The first ever shipment of oil from offshore Arctic waters to Europe has been launched, in a "defining moment" for the region, according to Greenpeace.
The environmental group said Russian President Vladimir Putin announced that state-owned energy company Gazprom has launched the shipment.
In a telephone call with Gazprom chief executive Alexey Miller, who was on board the Prirazlomnaya platform in the Arctic's Pechora sea, President Putin reportedly said the shipment represents a "further expansion of Russia's presence in global energy markets".
The platform was the subject of a high-profile protest last year, after which 28 Greenpeace activists and two freelance journalists known as the "Arctic 30" were imprisoned for more than two months on charges of piracy and hooliganism before being released. Six were British.
Greenpeace International executive director Kumi Naidoo said: "This is a defining moment both for the Arctic and the rest of the world.

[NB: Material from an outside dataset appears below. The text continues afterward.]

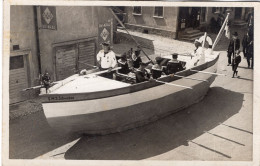Carte Photo De Marin Allemands Défilant Dans Une Barque Pendant Un Défilée Dans La Rue D'un Village En Allemagne - Persone Anonimi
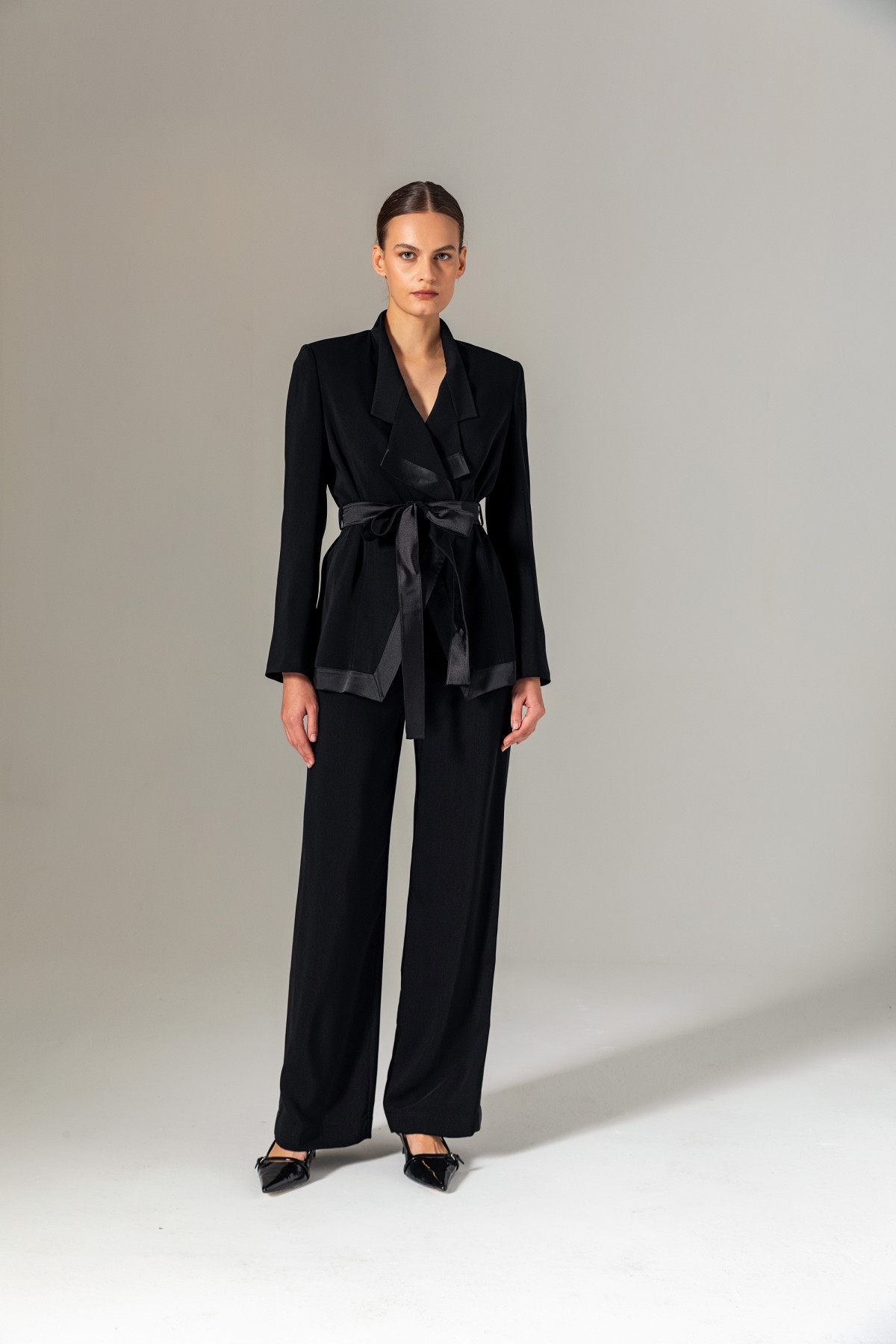 Saten Detaylı Ceket Siyah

"Russia's state-owned energy companies are betting that the Arctic can provide a new source of power and profit for decades to come. International oil majors are teaming up with them to exploit this fragile region and shore up their flagging reserves.
"If we do not stop this Arctic oil rush, we risk not only the environment but our ability to shake off the power structures of the last century.

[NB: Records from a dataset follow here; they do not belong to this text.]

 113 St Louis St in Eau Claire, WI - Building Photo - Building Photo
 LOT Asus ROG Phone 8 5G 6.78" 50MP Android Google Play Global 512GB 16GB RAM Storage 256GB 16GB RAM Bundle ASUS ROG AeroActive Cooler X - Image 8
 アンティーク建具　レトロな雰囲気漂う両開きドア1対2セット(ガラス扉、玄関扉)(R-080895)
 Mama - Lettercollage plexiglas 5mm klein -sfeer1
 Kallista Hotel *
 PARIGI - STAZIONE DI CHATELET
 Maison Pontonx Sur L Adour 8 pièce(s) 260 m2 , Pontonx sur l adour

"This is not about turning from one source of fossil fuels to another. It is about speeding up the inevitable switch to clean technology while reducing the amount of energy we use overall.
"Never has the situation been so urgent or the solution so clear.
"Greenpeace, alongside millions of our supporters, will continue to stand against any oil company that tries to drill in the melting Arctic Ocean."
Greenpeace said the shipment was late, contained poor quality oil and posed a "huge risk" to the Arctic environment.